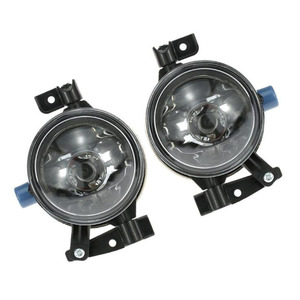Aplicable para <span class=keywords><strong>Ford</strong></span> <span class=keywords><strong>Focus</strong></span> 05-07 hace años luces <span class=keywords><strong>antiniebla</strong></span> luces de parachoques delantero 3M5115K201AA 3M5115K202AA - Product Image 1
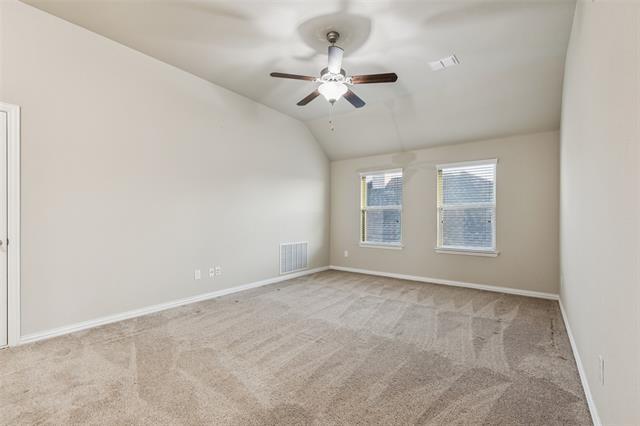 Building Photo - 5001 Bluewater Dr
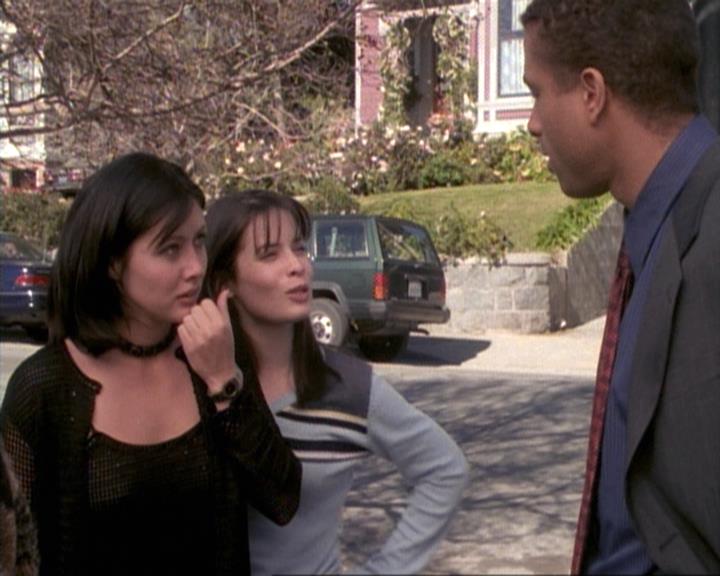 Charmed-Online-dot-net_115IsThereAWoogyInTheHouse1700.jpg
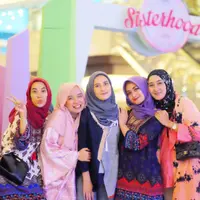 Nuansa hijab tabrak warna. (via: instagram)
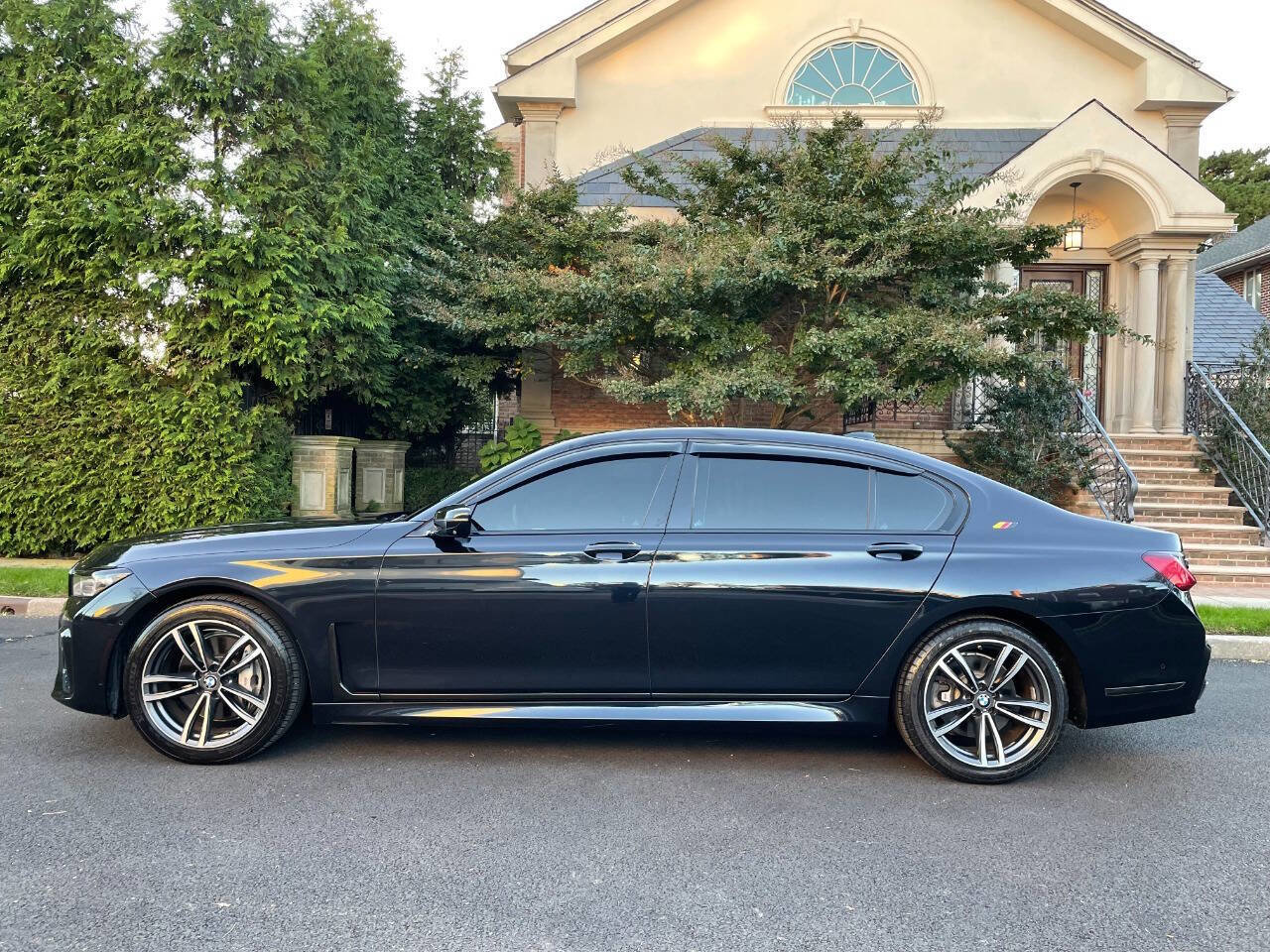 Used 2020 BMW 740i xDrive w/ M Sport Package image 2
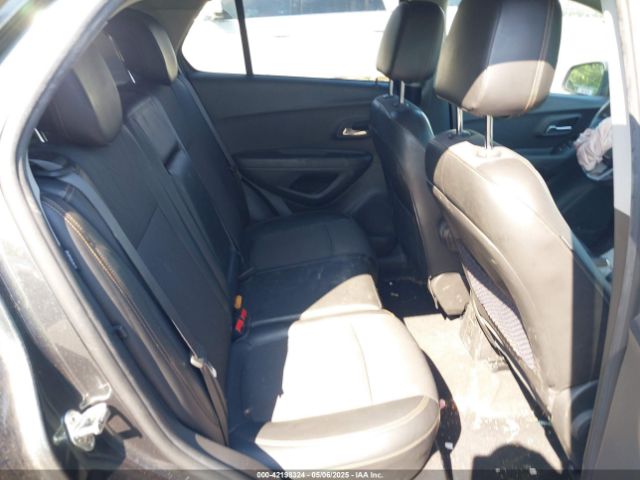 KL7CJPSB5JB687447 Chevrolet Trax Lt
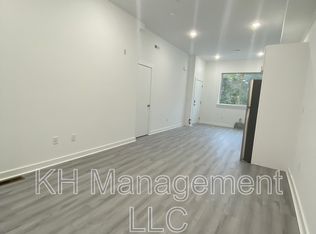 624 N 38th St #1, Philadelphia, PA 19104
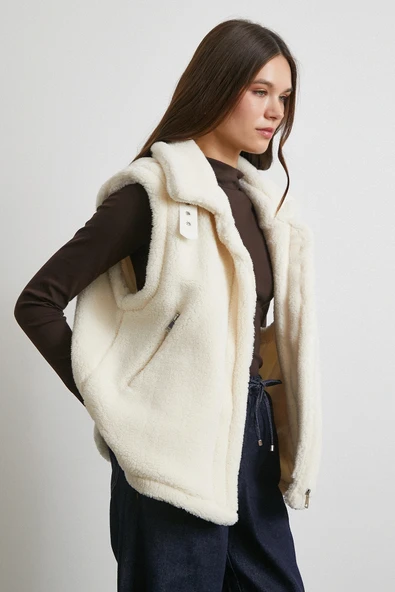 Yaka Detaylı Yumoş Yelek Ekru - Resim 3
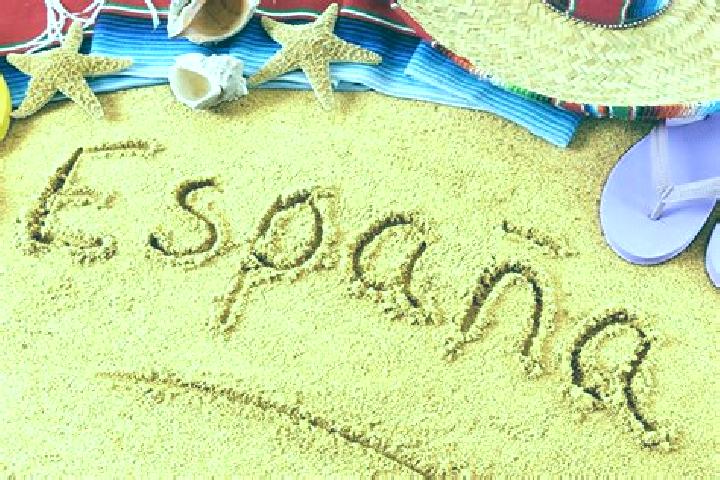 Escorts Manon, Spain — Local Companions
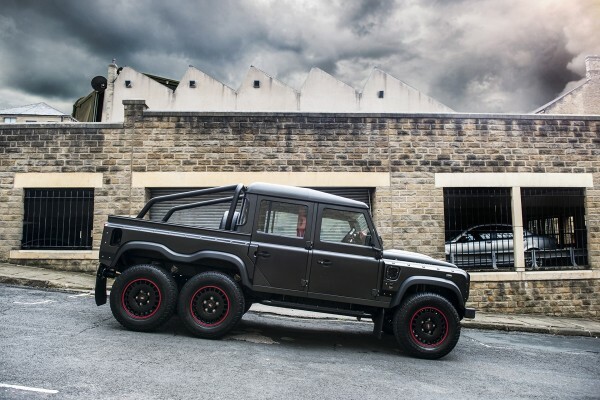 Land Rover Defender 110 Td6 Hse Black #3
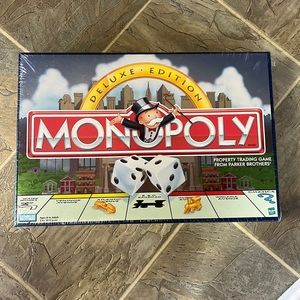 Monopoly Deluxe Edition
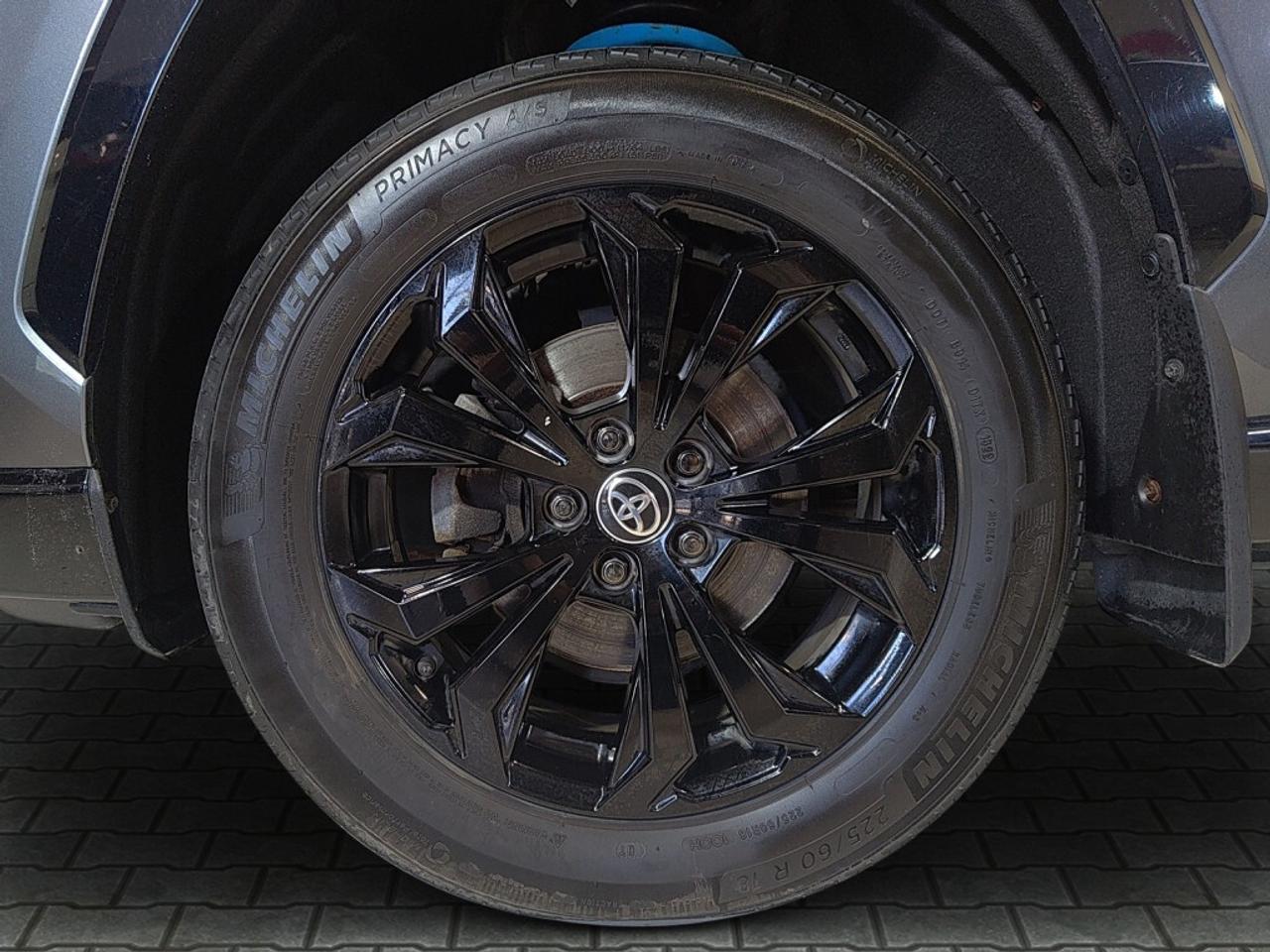 2022 Toyota RAV4 Hybrid High-Demand HYBRID XSE Model   Leather   Sunroof Photo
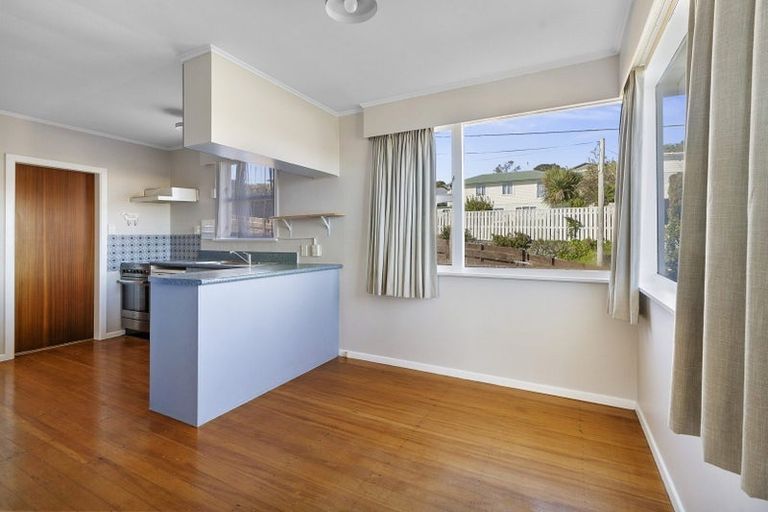 Photo of property in 3a Kinapori Terrace, Newlands, Wellington, 6037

- - - - - - -

Exercise:
Excluding the pictures, retype the line containing "624 N 38th St #1, Philadelphia, PA 19104" and all lines after it down to the end of the data above.

Exercise solution:
 624 N 38th St #1, Philadelphia, PA 19104
 Yaka Detaylı Yumoş Yelek Ekru - Resim 3
 Escorts Manon, Spain — Local Companions
 Land Rover Defender 110 Td6 Hse Black #3
 Monopoly Deluxe Edition
 2022 Toyota RAV4 Hybrid High-Demand HYBRID XSE Model   Leather   Sunroof Photo
 Photo of property in 3a Kinapori Terrace, Newlands, Wellington, 6037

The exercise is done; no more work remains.